Current Gaussian Splatting approaches are effective for reconstructing entire scenes but lack the option to target specific objects, making them computationally expensive and unsuitable for object-specific applications. We propose a novel approach that leverages object masks to enable targeted reconstruction, resulting in object-centric models. Additionally, we introduce an occlusion-aware pruning strategy to minimize the number of Gaussians without compromising quality. Our method reconstructs compact object models, yielding object-centric Gaussian and mesh representations that are up to 96% smaller and up to 71% faster to train compared to the baseline while retaining competitive quality.

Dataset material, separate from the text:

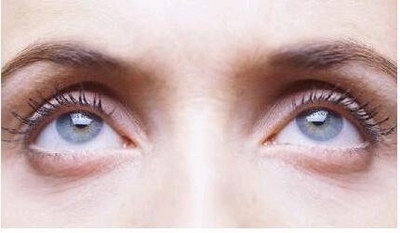 割双眼皮埋线怎么康复得快_割双眼皮埋线：一种新的改变眼睛外观的美容方案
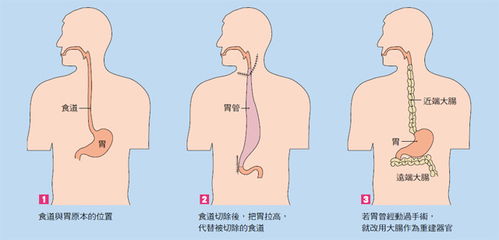 食道隆起esd手术后注意事项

These representations are immediately usable for downstream applications such as appearance editing and physics simulation without additional processing.

当前的高斯散点方法在重建整个场景方面表现出色,但缺乏针对特定对象的选项,导致计算成本高昂,不适用于以对象为中心的应用。我们提出了一种新方法,利用对象掩码实现目标重建,从而生成以对象为中心的模型。 此外,我们引入了一种感知遮挡的剪枝策略,以在不降低质量的情况下最小化高斯数量。我们的方法能够重建紧凑的对象模型,生成的以对象为中心的高斯和网格表示相比基线模型减少了高达 96% 的存储需求,并且训练速度提升高达 71%,同时保留了具有竞争力的质量。 这些表示可以直接应用于下游任务,例如外观编辑和物理模拟,而无需额外处理。